*AIM OF THE TASK*. Please copy the data below exactly, from its first line through the line holding "Paul Smith Mens", and skip the pictures.
**** RECORD EXCERPTS ****
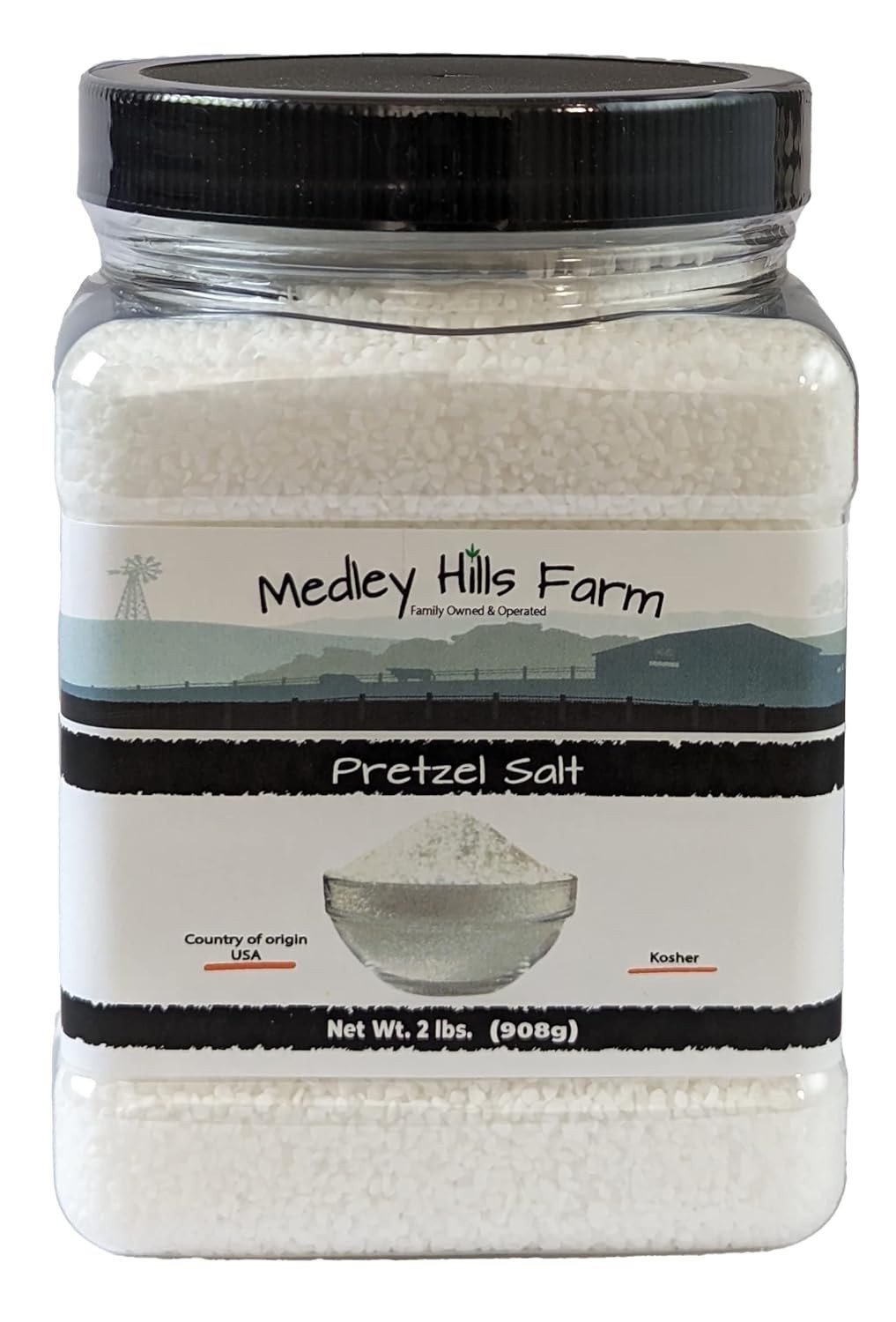 Gourmet Quality 2 lbs Pretzel Salt – Coarse, Kosher, Perfect for Baking Delights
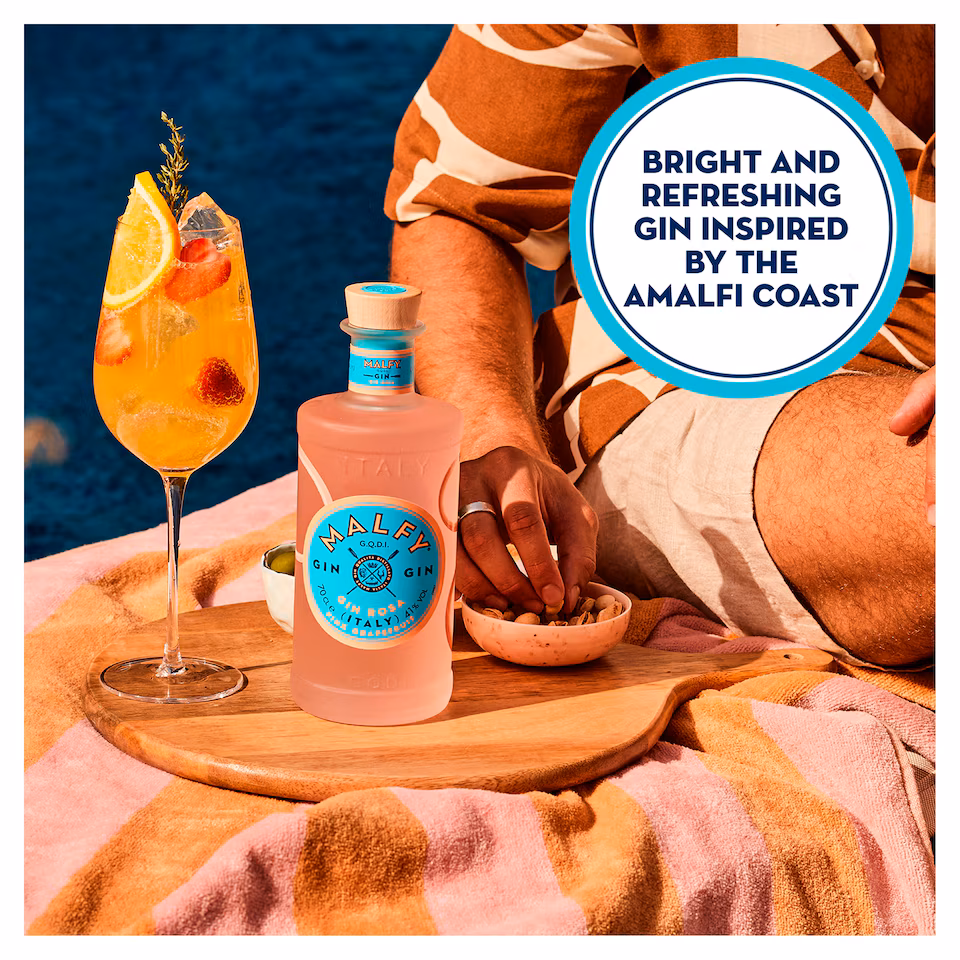 Malfy Gin Rosa Pink Grapefruit 70cl | Italian Flavoured Gin 41% ABV – saveandgo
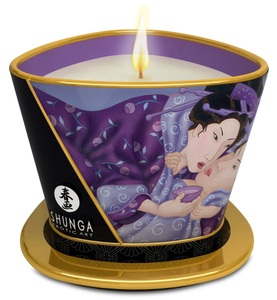 Shunga Erotic Art, Shunga Erotic Art - Massage-Kerze Exotic Fruits - 170 ml, Shunga Massage Candle , Exotische Früchte, Weiss, 170 Ml - Amorana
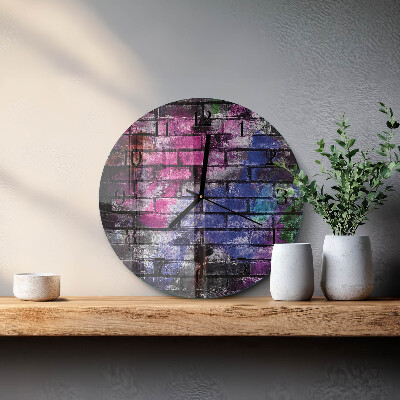 Reloj de pared redondo Ladrillo
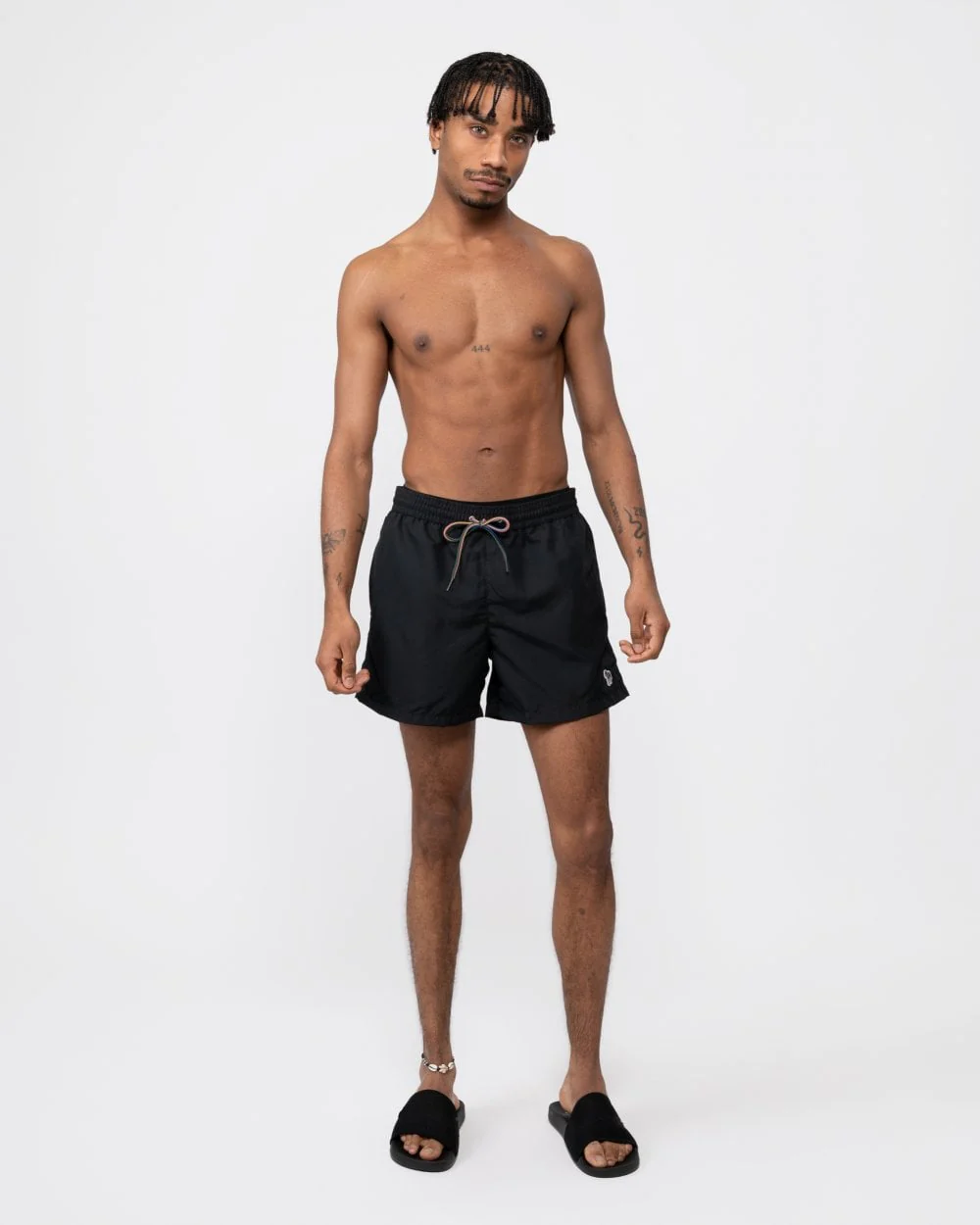 Paul Smith Mens Zebra Logo Swim Shorts - 79 Black - Image 3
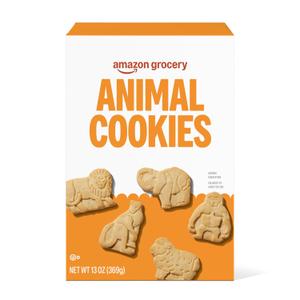 Amazon Grocery, Animal Cookies, 13 Oz, Best By: JAN 09 26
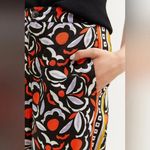 Anthropologie  Red and Black Patterned Wide Leg Pants Photo 1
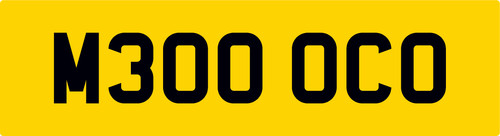 M300 oco bmw number plate - bmw,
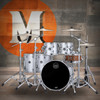 Mapex Saturn Evolution Workhorse Shell Pack 5-Piece - Iridium Silver (SE628XMPD)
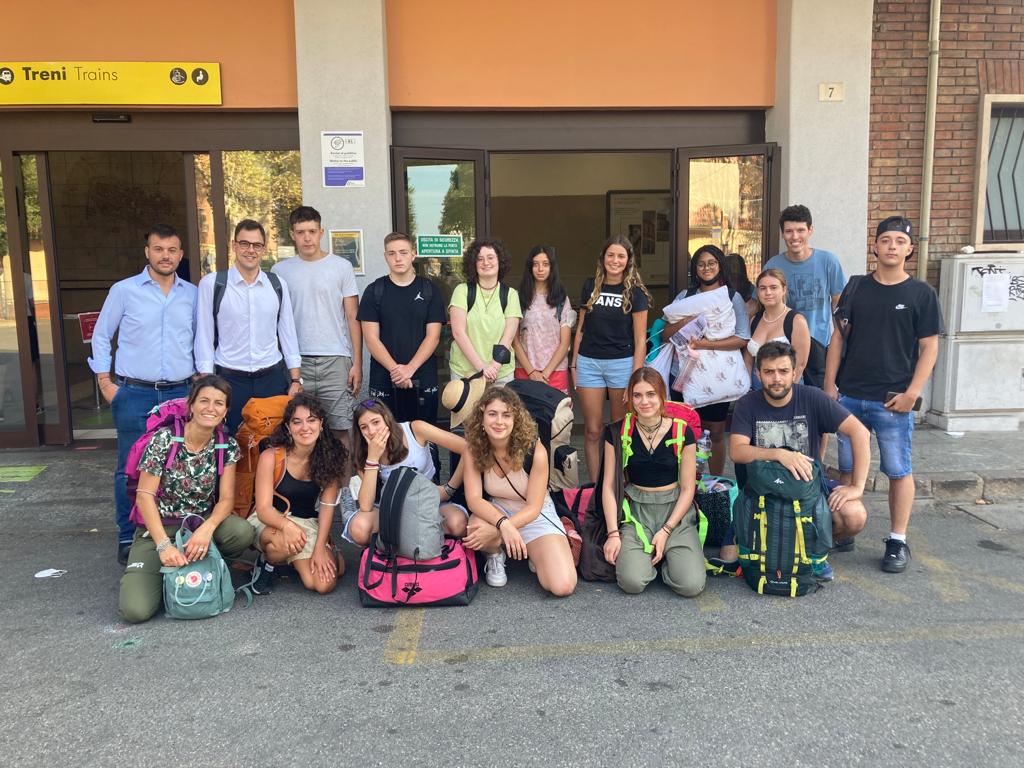 i ragazzi in partenza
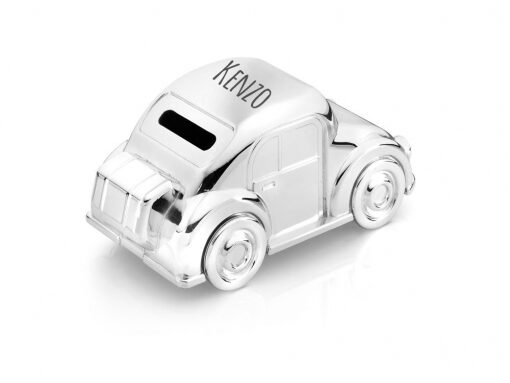 Spaarpot auto met naam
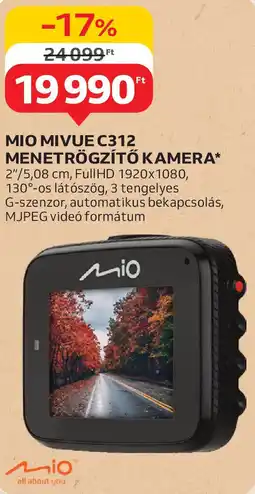 Auchan Mio mivue c312 menetrögzítő kamera ajánlat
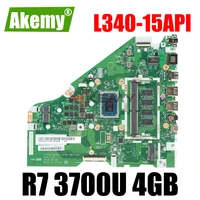 akemy for lenovo l340 15api l340 17api v155 15api laptop motherboard fg542 fg543 fg742 nm c101 cpu r7 3700u 4gb ram tested 100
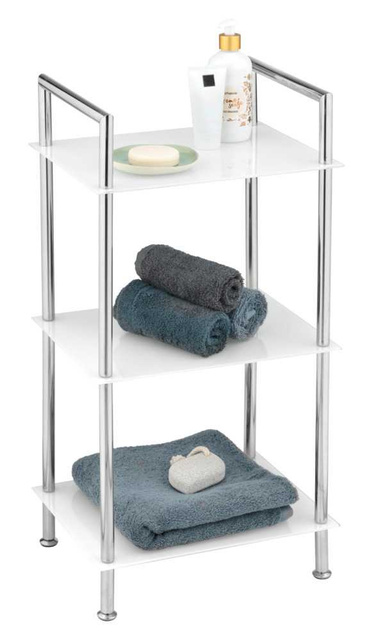 Raft pentru baie STYLE, argintiu, WENKO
****
*RESULT*.
 Gourmet Quality 2 lbs Pretzel Salt – Coarse, Kosher, Perfect for Baking Delights
 Malfy Gin Rosa Pink Grapefruit 70cl | Italian Flavoured Gin 41% ABV – saveandgo
 Shunga Erotic Art, Shunga Erotic Art - Massage-Kerze Exotic Fruits - 170 ml, Shunga Massage Candle , Exotische Früchte, Weiss, 170 Ml - Amorana
 Reloj de pared redondo Ladrillo
 Paul Smith Mens Zebra Logo Swim Shorts - 79 Black - Image 3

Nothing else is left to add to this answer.